Please write out, exactly as given, every line of the entries below up to and including the line with "Mixed race girl holding teddy bear".

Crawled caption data
--

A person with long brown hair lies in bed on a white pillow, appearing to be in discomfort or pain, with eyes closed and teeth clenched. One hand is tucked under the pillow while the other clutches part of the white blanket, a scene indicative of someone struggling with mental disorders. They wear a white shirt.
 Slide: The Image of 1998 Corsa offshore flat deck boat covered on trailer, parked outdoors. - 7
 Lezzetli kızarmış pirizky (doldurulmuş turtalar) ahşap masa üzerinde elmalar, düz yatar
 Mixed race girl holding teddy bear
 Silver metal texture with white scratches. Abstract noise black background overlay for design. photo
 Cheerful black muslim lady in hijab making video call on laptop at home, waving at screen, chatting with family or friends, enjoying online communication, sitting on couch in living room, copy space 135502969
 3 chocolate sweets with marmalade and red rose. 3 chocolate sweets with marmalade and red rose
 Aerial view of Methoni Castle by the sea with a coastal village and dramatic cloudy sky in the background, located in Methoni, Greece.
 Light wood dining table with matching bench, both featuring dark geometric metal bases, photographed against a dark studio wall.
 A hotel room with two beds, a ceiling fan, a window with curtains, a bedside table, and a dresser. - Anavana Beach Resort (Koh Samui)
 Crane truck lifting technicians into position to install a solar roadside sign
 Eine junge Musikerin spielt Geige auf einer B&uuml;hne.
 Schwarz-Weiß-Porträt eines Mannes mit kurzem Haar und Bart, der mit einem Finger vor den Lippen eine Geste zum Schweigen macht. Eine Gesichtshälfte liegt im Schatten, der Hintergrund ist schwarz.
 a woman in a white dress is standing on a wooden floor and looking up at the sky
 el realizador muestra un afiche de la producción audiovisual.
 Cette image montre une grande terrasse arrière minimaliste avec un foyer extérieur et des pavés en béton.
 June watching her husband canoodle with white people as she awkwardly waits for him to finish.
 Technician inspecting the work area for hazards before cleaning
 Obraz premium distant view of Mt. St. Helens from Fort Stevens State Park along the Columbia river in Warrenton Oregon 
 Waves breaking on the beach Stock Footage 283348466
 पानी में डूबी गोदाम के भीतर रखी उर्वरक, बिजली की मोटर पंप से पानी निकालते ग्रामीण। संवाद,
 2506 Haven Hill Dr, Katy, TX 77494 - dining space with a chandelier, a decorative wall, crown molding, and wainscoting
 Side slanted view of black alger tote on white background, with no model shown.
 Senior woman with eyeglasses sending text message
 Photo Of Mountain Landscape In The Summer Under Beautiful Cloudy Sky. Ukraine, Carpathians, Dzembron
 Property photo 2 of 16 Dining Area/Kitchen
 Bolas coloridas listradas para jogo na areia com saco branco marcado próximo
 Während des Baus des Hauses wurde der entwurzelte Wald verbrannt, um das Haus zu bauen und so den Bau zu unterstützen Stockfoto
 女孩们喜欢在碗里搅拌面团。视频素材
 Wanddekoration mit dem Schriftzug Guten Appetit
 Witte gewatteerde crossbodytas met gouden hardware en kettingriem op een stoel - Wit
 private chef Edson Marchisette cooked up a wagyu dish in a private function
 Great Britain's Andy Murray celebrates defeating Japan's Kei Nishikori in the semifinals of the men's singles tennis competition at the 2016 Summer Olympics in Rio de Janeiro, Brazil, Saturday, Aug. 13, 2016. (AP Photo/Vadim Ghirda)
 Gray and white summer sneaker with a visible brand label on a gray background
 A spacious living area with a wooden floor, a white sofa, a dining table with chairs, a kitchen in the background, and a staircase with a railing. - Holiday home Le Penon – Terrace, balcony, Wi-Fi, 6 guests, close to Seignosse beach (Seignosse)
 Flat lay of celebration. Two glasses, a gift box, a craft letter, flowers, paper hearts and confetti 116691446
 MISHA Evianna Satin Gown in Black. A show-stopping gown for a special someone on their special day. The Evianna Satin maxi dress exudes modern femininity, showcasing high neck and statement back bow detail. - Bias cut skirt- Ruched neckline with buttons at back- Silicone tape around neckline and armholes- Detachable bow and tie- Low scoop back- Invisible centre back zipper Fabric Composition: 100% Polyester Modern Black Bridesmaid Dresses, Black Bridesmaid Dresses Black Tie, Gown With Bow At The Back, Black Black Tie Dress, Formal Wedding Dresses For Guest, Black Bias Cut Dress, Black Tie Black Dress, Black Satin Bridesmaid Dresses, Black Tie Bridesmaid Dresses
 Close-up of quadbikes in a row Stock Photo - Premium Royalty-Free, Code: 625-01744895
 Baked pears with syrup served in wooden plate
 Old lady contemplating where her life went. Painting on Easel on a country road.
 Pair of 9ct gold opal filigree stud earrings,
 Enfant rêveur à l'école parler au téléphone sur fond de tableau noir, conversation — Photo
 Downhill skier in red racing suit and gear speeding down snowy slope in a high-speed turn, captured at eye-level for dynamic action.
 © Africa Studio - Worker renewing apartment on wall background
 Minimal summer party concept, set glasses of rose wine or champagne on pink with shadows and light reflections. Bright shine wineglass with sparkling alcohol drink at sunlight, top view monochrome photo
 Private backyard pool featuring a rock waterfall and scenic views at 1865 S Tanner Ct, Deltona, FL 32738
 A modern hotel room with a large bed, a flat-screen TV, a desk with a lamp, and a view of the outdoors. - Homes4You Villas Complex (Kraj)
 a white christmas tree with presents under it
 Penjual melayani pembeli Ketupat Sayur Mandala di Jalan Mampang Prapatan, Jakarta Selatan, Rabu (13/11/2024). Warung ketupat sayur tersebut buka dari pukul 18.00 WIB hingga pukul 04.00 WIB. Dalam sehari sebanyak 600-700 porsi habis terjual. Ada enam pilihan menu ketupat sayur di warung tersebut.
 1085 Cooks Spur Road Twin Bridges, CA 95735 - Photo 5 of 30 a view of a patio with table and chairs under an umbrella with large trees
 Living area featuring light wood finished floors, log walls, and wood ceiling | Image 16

--

YOUR SOLUTION
A person with long brown hair lies in bed on a white pillow, appearing to be in discomfort or pain, with eyes closed and teeth clenched. One hand is tucked under the pillow while the other clutches part of the white blanket, a scene indicative of someone struggling with mental disorders. They wear a white shirt.
 Slide: The Image of 1998 Corsa offshore flat deck boat covered on trailer, parked outdoors. - 7
 Lezzetli kızarmış pirizky (doldurulmuş turtalar) ahşap masa üzerinde elmalar, düz yatar
 Mixed race girl holding teddy bear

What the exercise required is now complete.